Milhões de Festa: a vontade de festejar derreteu a timidez
A edição de 2017 do Milhões de Festa começou ao ritmo em que se inicia qualquer relação: lenta, tímida e um tanto ou quanto a medo. Contudo, a vontade de festejar 10 anos a propagar calor humano ouviu-se mais alto.
A conta-gotas, o recinto do festival foi-se preenchendo e preparando para o arranque do dia 0. Entre sidra e cerveja a copo, o sol que ainda queimava ia deixando antever uma noite agitada, em dia de entrada livre.
Antes, algures entre a chegada precoce do público e a debandada geral para assistir ao primeiro concerto – Live Low – a zona de campismo contrastava com a de outros festivais que por cá se vão fazendo. É que em Barcelos ninguém se vê obrigado a vender um rim para ter possibilidade de instalar a tenda: 1) num local onde incida maioritariamente sombra e 2) a menos de 1km do recinto onde se realizam os concertos.
Resgatando o conta-gotas, foi assim que o público se foi organizando na plateia enquanto os Enablers não se faziam ouvir. A formação de combate parece bem definida: uma linha espacial separa as 20 pessoas presentes na frontline das restantes, recostadas no muro mais próximo ou sentadas um pouco atrás.
Os acordes começam a soar, logo seguidos pelas reações: uma cabeça mexe, outra cabeça abana. O vocalista saltita – tanta é a excitação – e pulula em movimentos repentinos e electrizantes. Não parece incomodado pela fraca afluência e quem assiste à gig solidariza-se, aproximando-se e entranhando-se, fazendo engrossar a cada vez mais densa camada dançante.
Na mesma altura em que o cenário se vai aproximando de algo mais rock-oriented, começam a ouvir-se as primeiras vozes dissonantes: “Isto devia estar no palco secundário às duas da manhã”, comenta alguém com a amiga, enquanto exibe um ar claramente desgastado. O resto da assistência parece discordar e de que maneira.
Alguém nos sabe dizer como é que tanta gente se mexe tão bem, ao som de melodias bollywoodescas? É belo mesmo sendo brusco, bonito sem deixar de ser bizarro.
A personagem que Sacha Baron Cohen interpreta n’”O Ditador” foi tirada deste filme, cuja banda sonora são os Cigarra & BirdzZie, é a única explicação. O triângulo gigante invertido pisca intermitente, saciando as dúvidas de quem questione a própria lucidez, tão alucinante é o cenário.

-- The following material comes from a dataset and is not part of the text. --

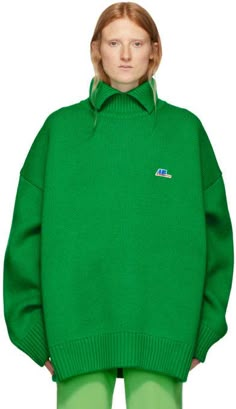 ADER error Green Wool Truck Logo Turtleneck Green Wool Sweater With Ribbed Collar, Green Outerwear With Ribbed Collar For Winter, Streetwear Turtleneck Sweater With Ribbed Collar, Green Long Sleeve Polo Sweater With Ribbed Cuffs, Turtleneck Sweater With Ribbed Collar For Streetwear, Green Sweater With Ribbed Cuffs For Work, Green Wool Outerwear With Ribbed Cuffs, Winter Green Polo Sweater With Ribbed Cuffs, Green Winter Polo Sweater With Ribbed Cuffs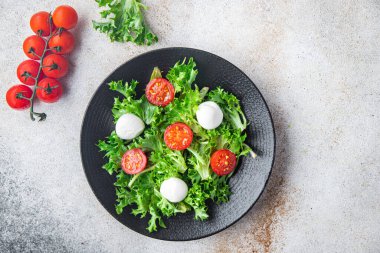 mozzarella salatası domates salatası sebze vitaminler sofrada atıştırmalık yiyecekler arka plan kırsalında fotokopi. Top view keto ya da paleo diyet vejetaryen ya da vejetaryen yemekleri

Começam as interações, caem os óculos de sol, já escorre o rio de cerveja e ouvem-se risos no mar de gente. Nem os Stone Dead poderiam pedir melhor ambiente.
Com uma legião de fãs que se enrobustece a cada dia, nada menos do que épico se fazia esperar. Alguns entoam as letras em uníssuno, outros batem o pé envergonhadamente: ninguém escapa às ondas de energia fornecidas por estes rapazes. A força, o vigor e a pujança que deles fizeram uma boys band a ter em consideração estiveram lá durante todo o concerto. O entusiasmo do público estendeu-se ao concerto de Pigs Pigs Pigs Pigs Pigs Pigs Pigs.
Os Dj’s da Casa vieram manter aceso um lume que já queimava por si próprio. Nem o silêncio inusitado de 15 segundos – ocorrido durante o reinado de Dj Quesadilla – perturbou os mais comprometidos com a arte de exorcisar com o corpo.
Que o digam a estrangeira de boné rosa, o punk com cabelo afro e a bacana acoplada às grades. Numa coordenação exímia, só pautada pelo ruído harmónico que os artistas de serviço faziam o favor de propagar, testavam-se os passos de dança mais arriscados da noite. Quer por questões de flexibilidade lombar ou mesmo pela irregularidade do piso, nunca aconselháveis a serem tentados em casa.
Foram ouvidas transições ousadas entre ritmos latinos, funk, drum’n’bass, techno, entre outras sonoridades saudáveis para os ouvidos, ainda que perigosas para as ancas.
O cessar do som vem logo antes dos apupos, naturais e expectáveis. Queremos mais, claro. Afinal, é este o Milhões de que ouvimos falar uma vida inteira.